- **Material shown**
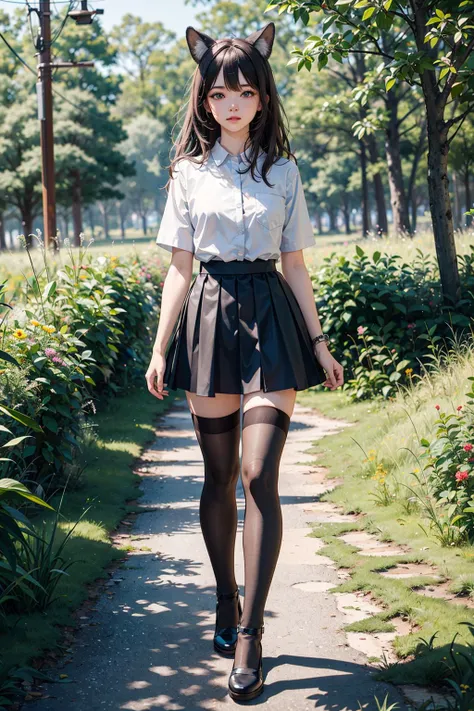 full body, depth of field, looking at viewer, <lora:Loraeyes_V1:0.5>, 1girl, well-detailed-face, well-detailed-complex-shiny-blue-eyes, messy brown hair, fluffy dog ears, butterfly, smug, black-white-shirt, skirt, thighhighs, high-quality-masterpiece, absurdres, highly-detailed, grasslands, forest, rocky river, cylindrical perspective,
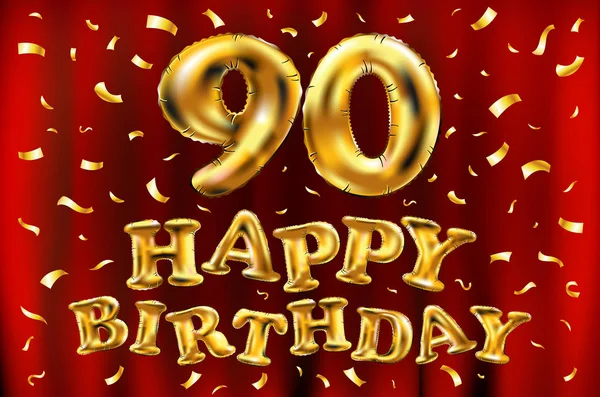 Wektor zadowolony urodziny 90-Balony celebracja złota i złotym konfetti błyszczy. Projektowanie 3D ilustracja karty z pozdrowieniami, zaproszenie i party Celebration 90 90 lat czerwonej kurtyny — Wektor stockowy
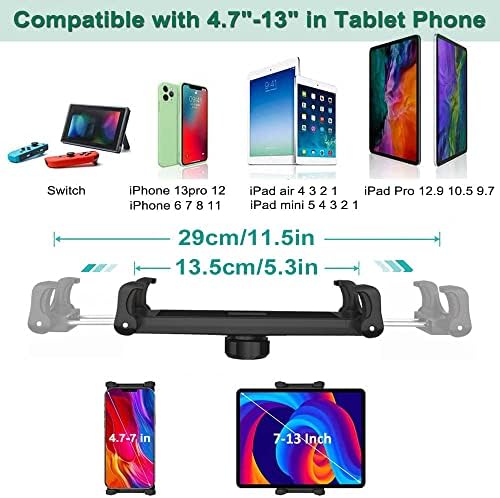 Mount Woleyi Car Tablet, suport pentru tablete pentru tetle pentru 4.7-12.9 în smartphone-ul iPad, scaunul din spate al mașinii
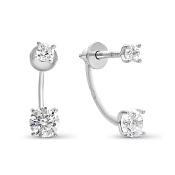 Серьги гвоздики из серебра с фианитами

==

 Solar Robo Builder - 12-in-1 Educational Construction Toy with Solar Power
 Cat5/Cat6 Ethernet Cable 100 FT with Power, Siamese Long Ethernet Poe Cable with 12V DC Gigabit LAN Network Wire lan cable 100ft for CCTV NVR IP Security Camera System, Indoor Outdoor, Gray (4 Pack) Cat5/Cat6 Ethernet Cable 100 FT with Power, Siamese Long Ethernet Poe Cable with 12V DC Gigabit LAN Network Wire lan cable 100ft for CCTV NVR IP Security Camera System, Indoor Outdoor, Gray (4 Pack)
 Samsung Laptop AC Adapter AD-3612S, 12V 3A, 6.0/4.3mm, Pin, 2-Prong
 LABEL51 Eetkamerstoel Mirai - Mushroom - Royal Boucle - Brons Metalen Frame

--

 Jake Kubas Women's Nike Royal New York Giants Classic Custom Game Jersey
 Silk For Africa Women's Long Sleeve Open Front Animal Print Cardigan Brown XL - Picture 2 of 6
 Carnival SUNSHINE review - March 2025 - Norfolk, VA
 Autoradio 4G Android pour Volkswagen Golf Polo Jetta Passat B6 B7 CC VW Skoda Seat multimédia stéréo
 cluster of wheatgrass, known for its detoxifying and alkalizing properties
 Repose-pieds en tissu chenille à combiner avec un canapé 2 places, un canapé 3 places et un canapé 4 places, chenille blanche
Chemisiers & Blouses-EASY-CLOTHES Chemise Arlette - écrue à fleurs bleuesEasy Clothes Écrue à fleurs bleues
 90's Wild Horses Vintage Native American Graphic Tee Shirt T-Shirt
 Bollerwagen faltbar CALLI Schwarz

- **Work task**
In how many lines of the data does the string "Women" appear? Give only the number.

- **Answer space**
2